2019.1伊豆大島にてpart2
生き物メインで書くブログと標榜しておいて一切生物写真が載らなかったpart1の続きです。
とりあえず島を一周、概要を説明した所で、今回は初日と2日目の夜に行った漁港での採集について書いていこうかなと思います。
大島は伊豆諸島で最も大きく、人口も多いだけあって最多6つの漁港を有しています。
ここで伊豆諸島の面積、人口、漁港数について
(おまけにこれまで紹介したものも)
大島(91㎢,7700人):6
利島(4㎢,300人):1
新島(27㎢,2600人):3
式根島(4㎢,500人):3
神津島(18㎢,1800人):2
三宅島(55㎢,2400人):6
御蔵島(20㎢,300人):1
八丈島(69㎢,7200人):5
青ヶ島(5㎢,170人):1
二神島(2㎢,120人):1
柏島(0.5㎢,400人):1(島の東全面が漁港)
さらにそのいずれもが船の揚陸のためスロープを設置しており、個人的に枕木型と呼んでいる最も採集のしやすいものとなっていました。
〜スロープ3つの型〜
レール型 海面に垂直に走らせた二本のレールの上を滑らせて揚陸するスロープ。

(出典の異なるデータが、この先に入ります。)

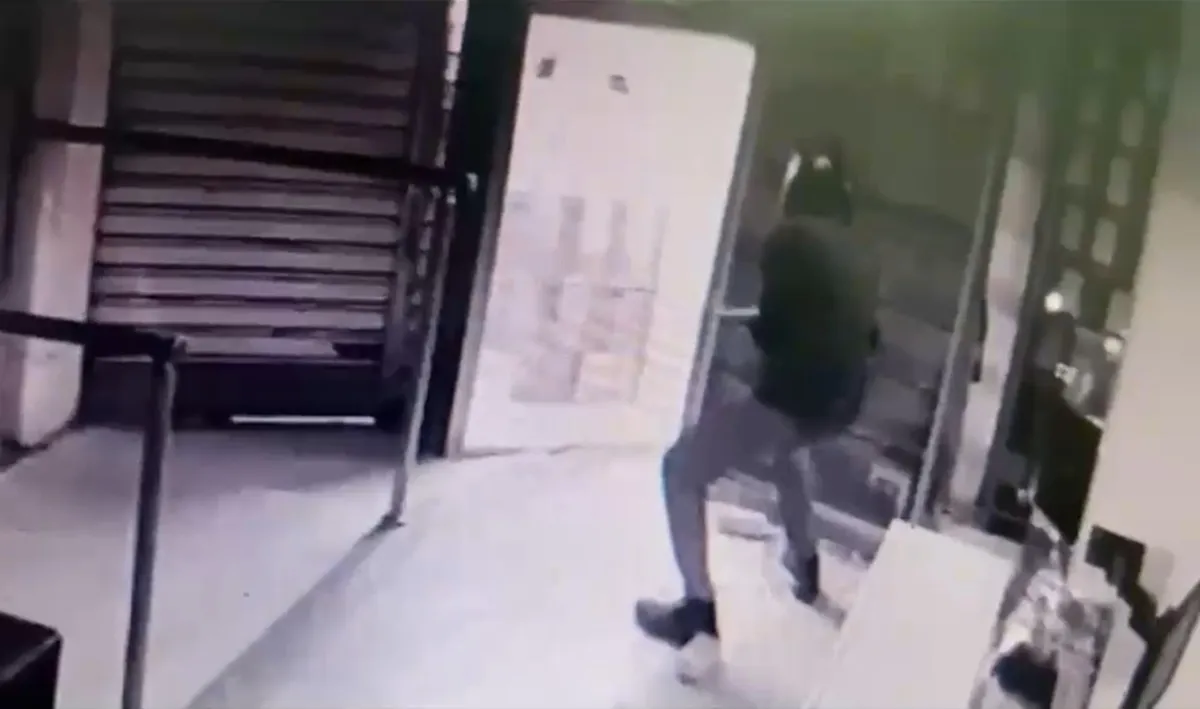 Câmera de segurança noturna flagrando dois indivíduos em uma moto em frente a uma loja de eletrônicos no centro de Campos, após um furto rápido.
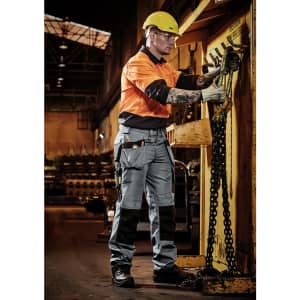 A man in an orange and grey shirt and multi-pocket grey pants works in a warehouse, wearing safety gear and a helmet.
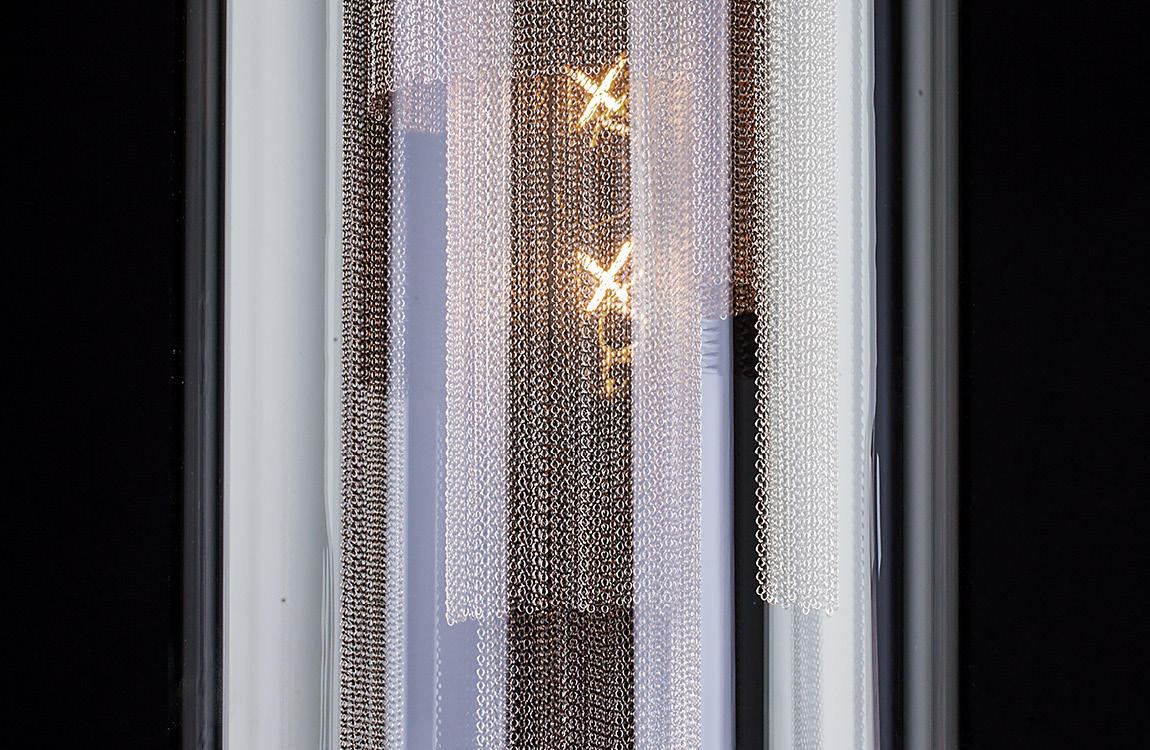 Gros plan sur les chaînettes métalliques et la lumière dorée à l'intérieur du cylindre de verre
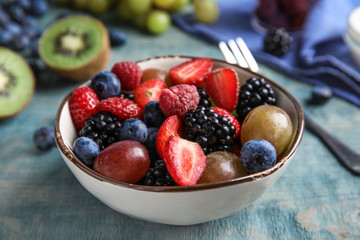 Fresh tasty fruit salad on blue wooden table, closeup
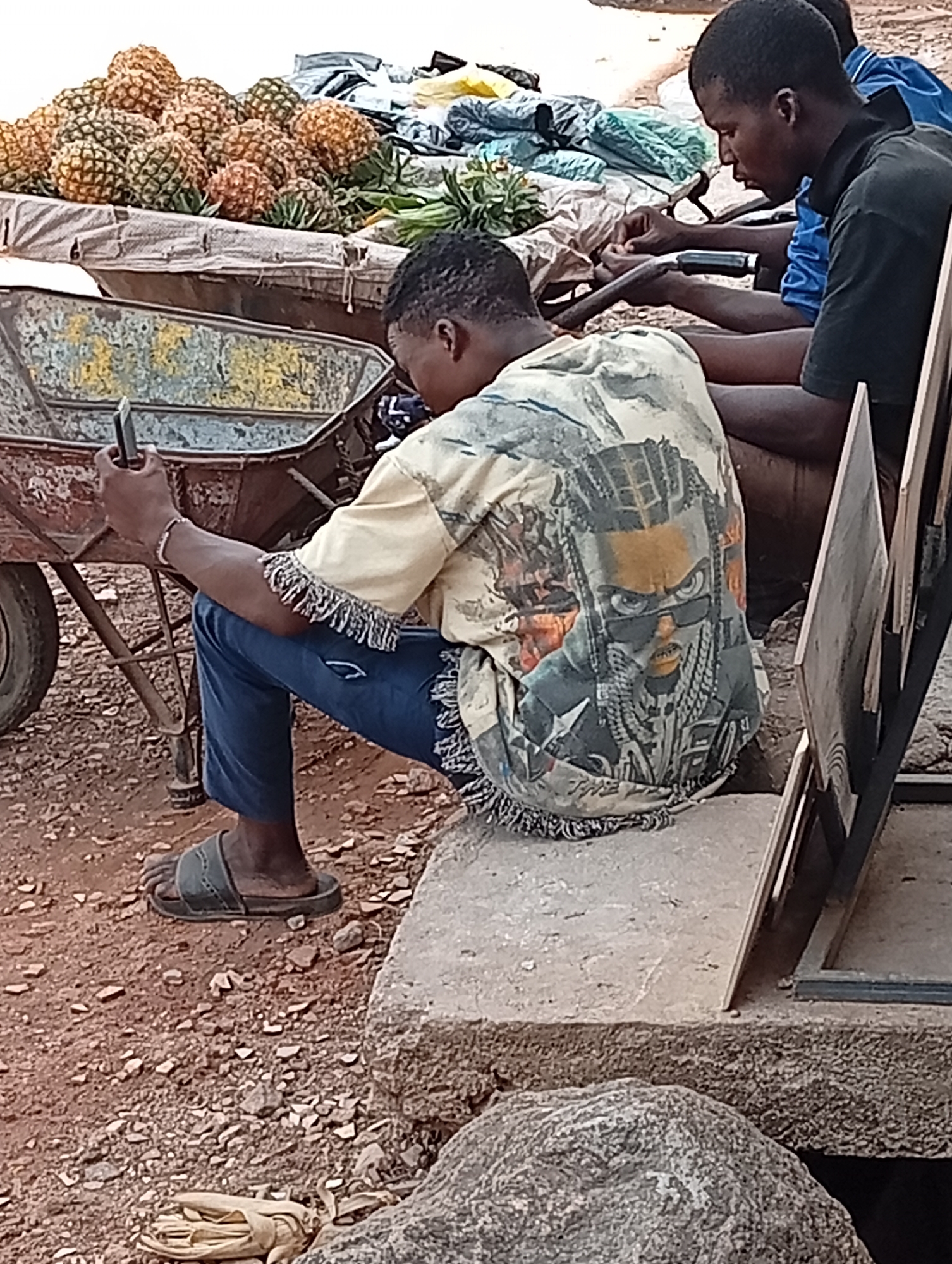 The scene is in Maiburiji, Nigeria. A man sits on a concrete block, facing away from the camera, holding a phone in his left hand. He wears a fringed, patterned shirt with a graphic image of a person wearing sunglasses, blue jeans, and slides. To his left, a rusted wheelbarrow holds a pile of pineapples. Beside him to the right, another man sits on a bench, facing right, with another man partially visible behind him. The ground is red earth with scattered stones. A tied bundle of straw lies near the base of the concrete block.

最も一般的であり、下記2つとの併用も見られる。なんなら国外でも見られる。
枕木型 海面に並行して設置した枕木で船を揚陸する。関東、伊豆半島・諸島、小笠原、北海道で見られる。
滑車型 滑車を船の下に滑らせ揚陸する。基本的に薩南諸島〜八重山諸島で見られるが、小規模な滑車を用いたものは本土でも見られる。
(一方マリーナでは吊り上げ式が目立つ)
なぜ枕木型が採集しやすいかは単純で、枕木の間に生き物がたまりやすいから、というだけのことです。単調な作りがいい味を出していて、例えば間隙性生物といった採集難度の高い生物が居ついているケースもあるためレア物への期待も持てます。
反面レール型や滑車型では深いところまで平たく整備していることが多いので投網が有効だったりします。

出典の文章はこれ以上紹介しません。